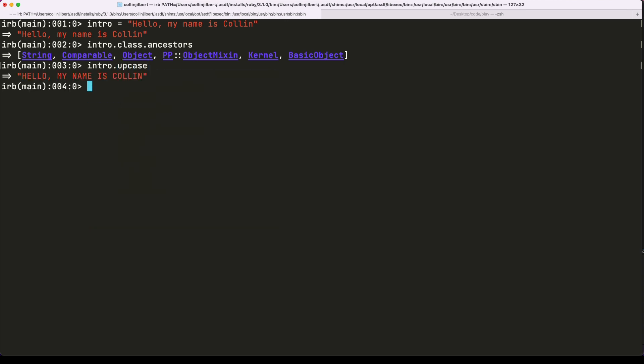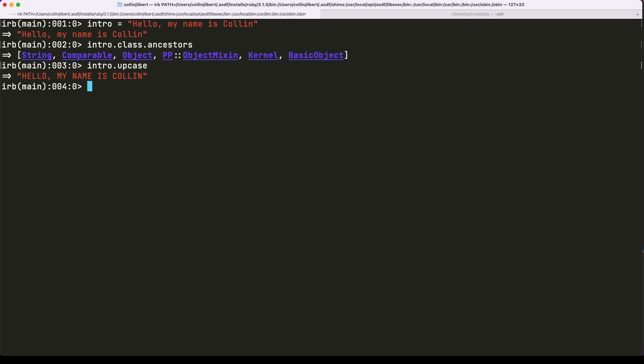We could open up the String class again and define our own new instance methods and add some new behavior that way. But what we want to do right now is we want to just add some new methods just for this particular string that we have right here. So let's look at how to do that next.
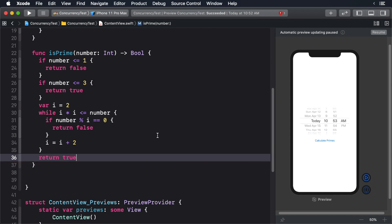Now add the following method. This calculates whether a number is prime or not. We're not looking for efficiency here — we're just looking to do a lot of work.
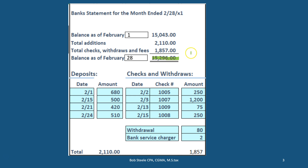We're going to sum up this information. The total deposits consist of deposits by date and that adds up to the number shown in our summary. We also have the checks — the date, the check number, the amount — as well as other information coming out of our bank account, such as an ATM withdrawal and a bank service charge of a couple of dollars. That gives us the ending balance.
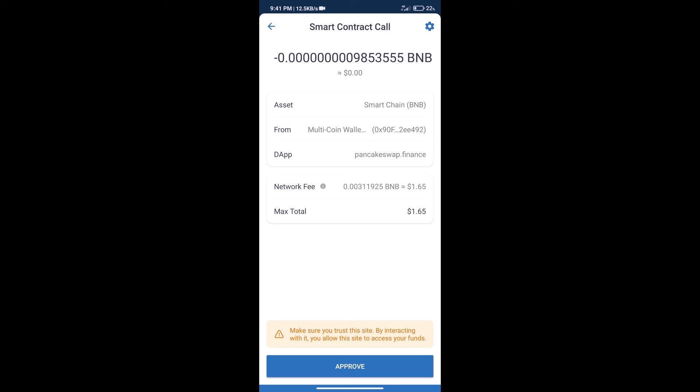After that, we will click on approve and finally we will get this token successfully. So guys, I have only shared technical process, not financial advice. Invest in cryptocurrency at own risk. Thanks for watching.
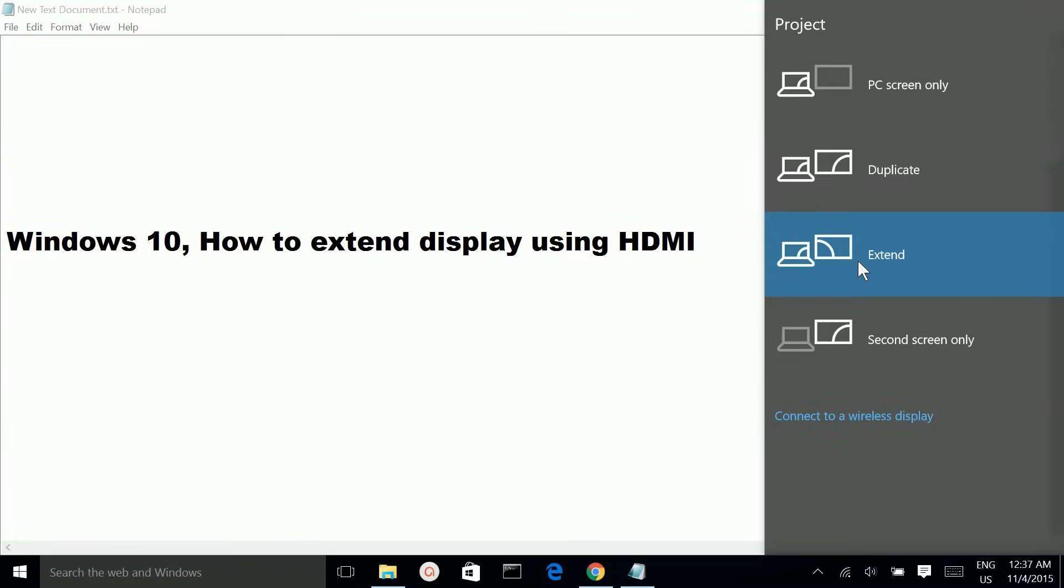So, you can see windows in both the monitor in your laptop and the external display monitor.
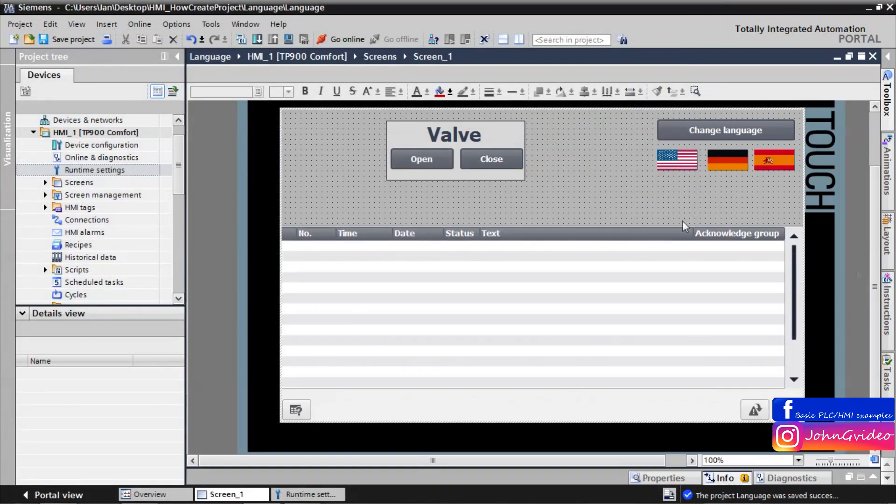This is all for this video where you saw how to change and add languages into your HMI project. Thank you for watching, goodbye.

■ EXERCISE REQUIREMENTS ■
Give the material above again exactly as it stands, minus any images.

■ SOLUTION TO THIS PROBLEM ■
We could open up the String class again and define our own new instance methods and add some new behavior that way. But what we want to do right now is we want to just add some new methods just for this particular string that we have right here. So let's look at how to do that next.
Now add the following method. This calculates whether a number is prime or not. We're not looking for efficiency here — we're just looking to do a lot of work.
We're going to sum up this information. The total deposits consist of deposits by date and that adds up to the number shown in our summary. We also have the checks — the date, the check number, the amount — as well as other information coming out of our bank account, such as an ATM withdrawal and a bank service charge of a couple of dollars. That gives us the ending balance.
After that, we will click on approve and finally we will get this token successfully. So guys, I have only shared technical process, not financial advice. Invest in cryptocurrency at own risk. Thanks for watching.
So, you can see windows in both the monitor in your laptop and the external display monitor.
This is all for this video where you saw how to change and add languages into your HMI project. Thank you for watching, goodbye.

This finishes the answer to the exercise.